Top of RECORDS PROVIDED

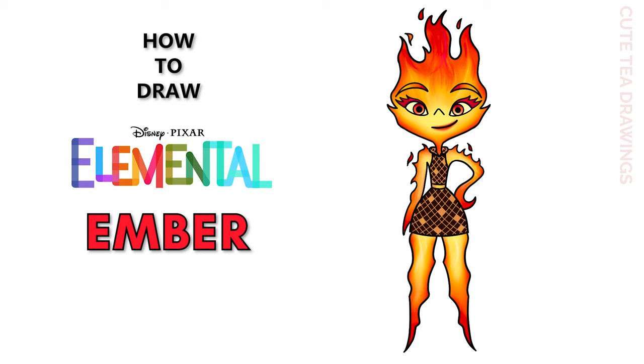Hey guys, welcome to Cute Tea Drawings! Today I'll be drawing Ember from Disney Pixar's Elemental. I'll be drawing on my tablet but you can also follow along on paper, and please remember to like and subscribe. Okay now let's get started.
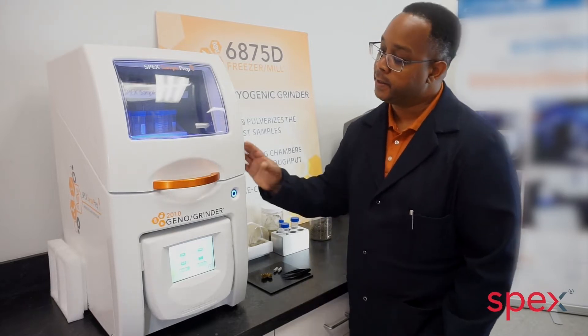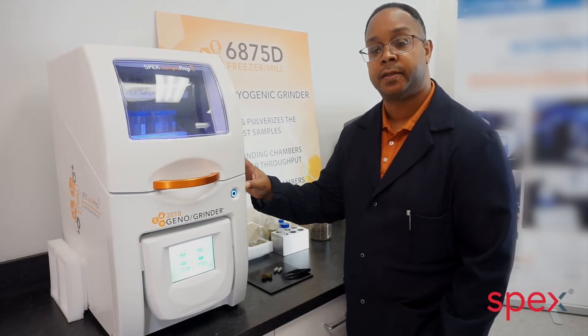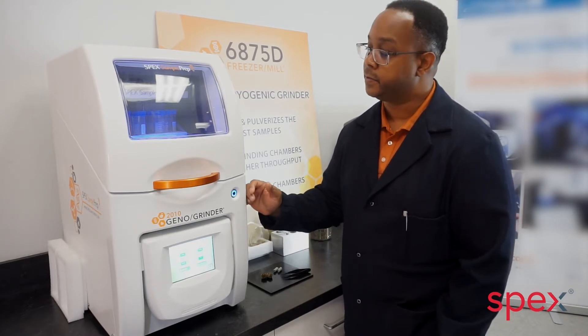Hi, I'm Eric Smith, the Application Scientist at SPEX in New Jersey, and this is the 2010 Geno Grinder — SPEX's high-throughput homogenizer, fully programmable with a touchscreen interface, designed to meet high demand from day-to-day use.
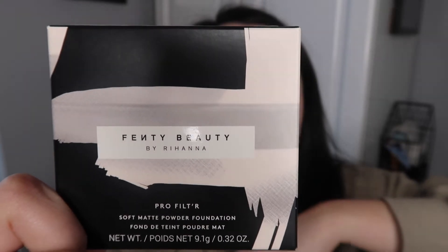Hello everybody and welcome back to my channel. My name is Laura Irish, so welcome welcome. If you haven't already, please subscribe, like and hit the notification bell so you know when my next video is. As you can tell by the title of this video, I'm going to be unboxing and reviewing the Fenty Beauty Profilter Powder Foundation.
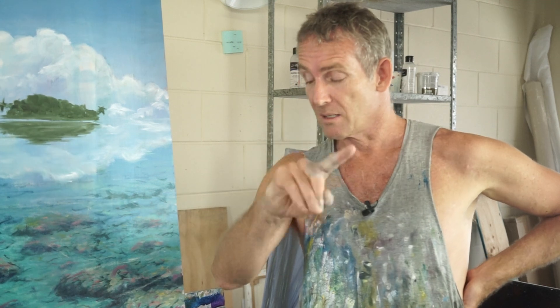I'm accused occasionally of being really messy and my studio being a complete shambles, but it's a cunning plan.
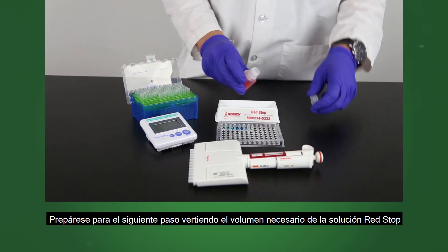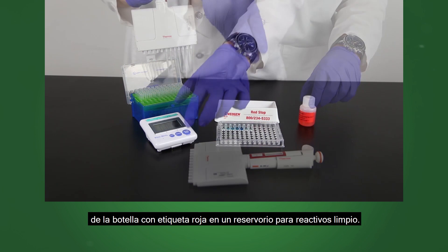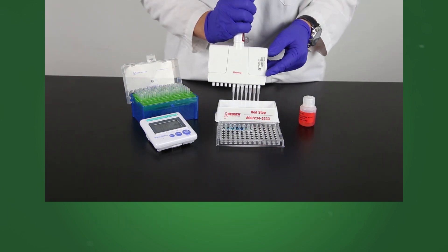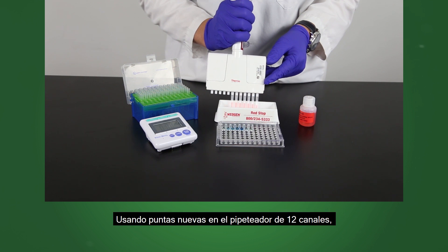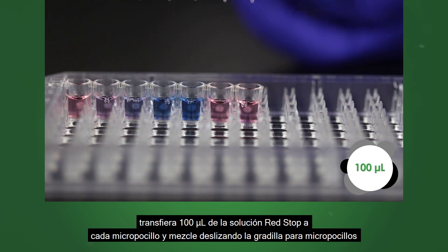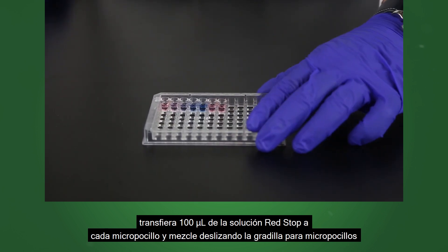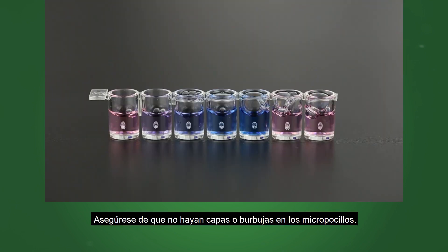Prepare for the next step by pouring the needed volume of red stop solution from the red labeled bottle into a clean reagent boat. At the completion of the incubation, do not wash the wells. Using new tips on the 12 channel pipetter, transfer 100 microliters of red stop solution into each well and mix by sliding the microwell holder back and forth on a flat surface. Make sure there is no layering or bubbling in the wells.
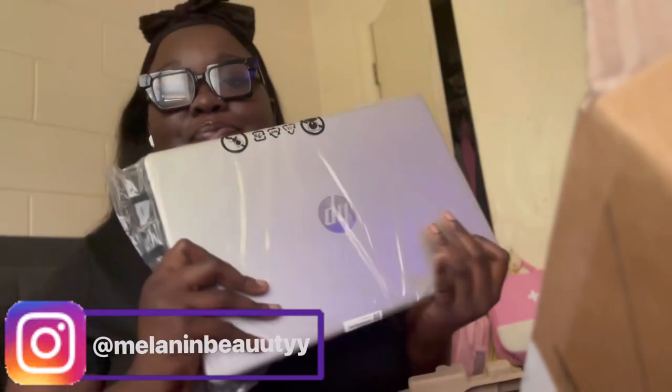I really wanted a big computer because the last one I had was small. I'll show y'all — it's all the way across the room and I'm too tired to get up. Okay, it's bigger than I thought — it's not bad, I like it!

Bottom of RECORDS PROVIDED

> PROBLEM TO WORK ON: Retype each line above exactly and leave out any picture.

> COMPLETED TASK:
Hey guys, welcome to Cute Tea Drawings! Today I'll be drawing Ember from Disney Pixar's Elemental. I'll be drawing on my tablet but you can also follow along on paper, and please remember to like and subscribe. Okay now let's get started.
Hi, I'm Eric Smith, the Application Scientist at SPEX in New Jersey, and this is the 2010 Geno Grinder — SPEX's high-throughput homogenizer, fully programmable with a touchscreen interface, designed to meet high demand from day-to-day use.
Hello everybody and welcome back to my channel. My name is Laura Irish, so welcome welcome. If you haven't already, please subscribe, like and hit the notification bell so you know when my next video is. As you can tell by the title of this video, I'm going to be unboxing and reviewing the Fenty Beauty Profilter Powder Foundation.
I'm accused occasionally of being really messy and my studio being a complete shambles, but it's a cunning plan.
Prepare for the next step by pouring the needed volume of red stop solution from the red labeled bottle into a clean reagent boat. At the completion of the incubation, do not wash the wells. Using new tips on the 12 channel pipetter, transfer 100 microliters of red stop solution into each well and mix by sliding the microwell holder back and forth on a flat surface. Make sure there is no layering or bubbling in the wells.
I really wanted a big computer because the last one I had was small. I'll show y'all — it's all the way across the room and I'm too tired to get up. Okay, it's bigger than I thought — it's not bad, I like it!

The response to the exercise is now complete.